Shallow-Bay Industrial Demand Outpaces Limited New Supply, CBRE Reports

Small-Bay Industrial Demand Outpaces Aging Supply
CRE Market Beat Take
Investors and lenders should underwrite shallow-bay assets with an eye toward rent durability, as persistent supply constraints and aging stock can reinforce pricing power for functional product.

Smaller industrial users are increasingly competing for shallow-bay warehouse space, and available options are not keeping pace. CBRE reports that demand from occupiers seeking buildings under 50,000 square feet with clear heights between 14 and 28 feet is now exceeding supply, in contrast to the big-box segment where new development has been more active in recent years.

According to CBRE’s Shallow Bay Industrial Brief, the supply of shallow-bay properties has expanded only modestly over the past several development cycles. As a result, many markets are left with mostly older product and only a limited pipeline of new construction. This imbalance between robust user demand and a slow-growing inventory base is shaping conditions across the shallow-bay segment.

The age profile of existing shallow-bay stock underscores this dynamic. More than 80% of shallow-bay industrial inventory was delivered before 2000, CBRE notes, and nearly half of all buildings in this category were constructed before 1980. Only 5% of current shallow-bay space has been completed since 2010, highlighting how little modern product has been added over the past decade and a half.

CBRE attributes the aging nature of this inventory in part to the economic challenges of developing shallow-bay projects in major markets.
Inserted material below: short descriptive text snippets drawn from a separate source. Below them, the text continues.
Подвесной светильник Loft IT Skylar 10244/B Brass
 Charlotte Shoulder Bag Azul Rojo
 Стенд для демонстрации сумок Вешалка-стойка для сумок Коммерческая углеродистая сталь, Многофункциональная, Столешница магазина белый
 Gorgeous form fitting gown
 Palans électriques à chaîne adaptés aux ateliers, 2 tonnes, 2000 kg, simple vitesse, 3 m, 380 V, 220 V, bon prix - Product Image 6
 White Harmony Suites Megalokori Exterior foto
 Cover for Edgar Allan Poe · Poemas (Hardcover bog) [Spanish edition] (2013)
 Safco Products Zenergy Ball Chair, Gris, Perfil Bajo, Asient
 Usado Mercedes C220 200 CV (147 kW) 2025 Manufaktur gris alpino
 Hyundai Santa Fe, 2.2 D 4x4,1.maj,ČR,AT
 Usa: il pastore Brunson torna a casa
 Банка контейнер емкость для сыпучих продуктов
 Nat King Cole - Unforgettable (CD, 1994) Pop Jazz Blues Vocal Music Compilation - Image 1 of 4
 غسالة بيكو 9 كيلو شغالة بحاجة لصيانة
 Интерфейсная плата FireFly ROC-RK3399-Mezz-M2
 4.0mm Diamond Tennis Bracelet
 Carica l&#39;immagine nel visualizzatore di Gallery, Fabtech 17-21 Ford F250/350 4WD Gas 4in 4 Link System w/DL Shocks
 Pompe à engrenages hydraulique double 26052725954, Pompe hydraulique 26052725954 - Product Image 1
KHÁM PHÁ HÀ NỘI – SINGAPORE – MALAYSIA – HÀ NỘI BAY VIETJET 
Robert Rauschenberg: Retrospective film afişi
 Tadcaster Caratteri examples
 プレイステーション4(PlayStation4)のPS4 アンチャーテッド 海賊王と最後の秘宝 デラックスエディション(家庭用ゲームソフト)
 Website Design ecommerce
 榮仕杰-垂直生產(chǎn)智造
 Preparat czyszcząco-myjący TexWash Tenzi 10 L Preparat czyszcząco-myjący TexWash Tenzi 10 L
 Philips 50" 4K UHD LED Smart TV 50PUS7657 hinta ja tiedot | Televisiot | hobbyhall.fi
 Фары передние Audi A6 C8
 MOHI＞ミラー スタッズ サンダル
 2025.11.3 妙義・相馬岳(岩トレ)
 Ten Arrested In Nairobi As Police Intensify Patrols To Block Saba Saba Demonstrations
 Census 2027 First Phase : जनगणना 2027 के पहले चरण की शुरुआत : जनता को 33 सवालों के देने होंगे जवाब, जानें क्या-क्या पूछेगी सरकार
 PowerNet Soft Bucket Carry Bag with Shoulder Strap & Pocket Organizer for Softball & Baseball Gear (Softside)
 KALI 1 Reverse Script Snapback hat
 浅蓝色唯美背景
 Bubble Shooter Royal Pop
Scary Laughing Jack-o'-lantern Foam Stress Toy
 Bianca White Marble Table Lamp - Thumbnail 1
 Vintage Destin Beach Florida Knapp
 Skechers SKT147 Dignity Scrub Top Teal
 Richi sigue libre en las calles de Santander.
While large-format distribution centers have scaled up significantly, shallower assets aimed at smaller tenants have not enjoyed the same volume of new construction, despite solid occupier interest.

On the demand side, vacancy trends illustrate how tight shallow-bay conditions have become. CBRE reports that shallow-bay vacancy rates began to fall below the broader industrial vacancy rate in 2017 and have remained lower ever since. The firm links this outperformance to growing demand for smaller-format space from service-oriented users and last-mile distribution operations that need proximity to customers as well as flexible, functional layouts.

As of 2024, shallow-bay vacancy sat 2.5 percentage points below the overall industrial vacancy rate, according to CBRE. This spread reflects sustained leasing momentum in the shallow-bay segment even as broader industrial markets have seen more normalization following the rapid expansion of the prior decade. With demand healthy and new supply constrained, market participants focused on shallow-bay properties face an environment defined by tight availability, older building stock, and a limited share of newly delivered space.